/viralVerify

viralVerify: viral contig verification tool

Primary LanguagePythonMIT LicenseMIT

viralVerify: viral contig verification tool

Version: 1.1

viralVerify classifies contigs (output of metaviralSPAdes or other assemblers) as viral, non-viral or uncertain, based on gene content. Also for non-viral contigs it can optionally provide plasmid/non-plasmid classification.

viralVerify predicts genes in the contig using Prodigal in the metagenomic mode, runs hmmsearch on the predicted proteins and classifies the contig as vrial or non-viral by applying the Naive Bayes classifier (NBC). For the set of predicted HMMs, viralVerify uses trained NBC to classify this set to be viral or chromosomal.

To improve results in the case of metagenomes with possible host contamination, we recommend users to filter out reads that align to the host genome prior to assembly. Since viralVerify is based on gene classification, it can be used on contigs on any length, and short viruses can be detected as long as they contain a recognizable virus-specific gene. To help analyze the rapidly growing amount of novel data, we have added a script that allows users to construct their own training database from a set of viral, chromosomal and plasmid contigs, as well as custom HMM database

Requirements

viralVerify is a Python script, thus, installation is not required. However, it has the following dependencies:

or

  • recent release of the Pfam-A database (ftp://ftp.ebi.ac.uk/pub/databases/Pfam/releases/).

To work properly, viralVerify require Prodigal and hmmsearch in your PATH environment variable.
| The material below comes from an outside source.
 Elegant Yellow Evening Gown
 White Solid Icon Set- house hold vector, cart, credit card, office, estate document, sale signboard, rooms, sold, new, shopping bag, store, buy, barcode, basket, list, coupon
Optional BLAST verification

You can verify your output by BLAST to check if you found novel viruses or plasmids. In this case, you need to have blastn in your $PATH, Biopython installed, and provide a path to the nucleotide database (e.g. local copy of the NCBI nt database). For each contig we report information (e-value, query coverage, identity and subject title) about its best blast hit in the provided database.

Usage

viralverify 
        -f Input fasta file
        -o output_directory 
        --hmm HMM  Path to HMM database

        Optional arguments:
        -h, --help  Show the help message and exit
        --db DB     Run BLAST on input contigs against provided db
        -t          Number of threads
        -thr THR    Sensitivity threshold (minimal absolute score to classify sequence, default = 7)
        -p          Output predicted plasmidic contigs separately

Output file: comma-separated table <input_file>_result_table.csv

Output format: contig name, prediction result, log-likelihood ratio, list of predicted HMMs

Fasta files with prediction results can be found in the Prediction_results_fasta folder

To decrease number of false positives (at the expense of potential false negatives) you may increase the detection threshold, provided as an optional argument.

Retraining classifier

You can retrain the classifier with your custom data using provided training_script. It takes viral, chromosomal and plasmid (optionally) training sequences in fasta format and set of HMMS, predict genes and HMM hits, and returns the frequency table. To use the retrained classifier, replace the "classifier_table.txt" file in the viralVerify directory with the obtained table.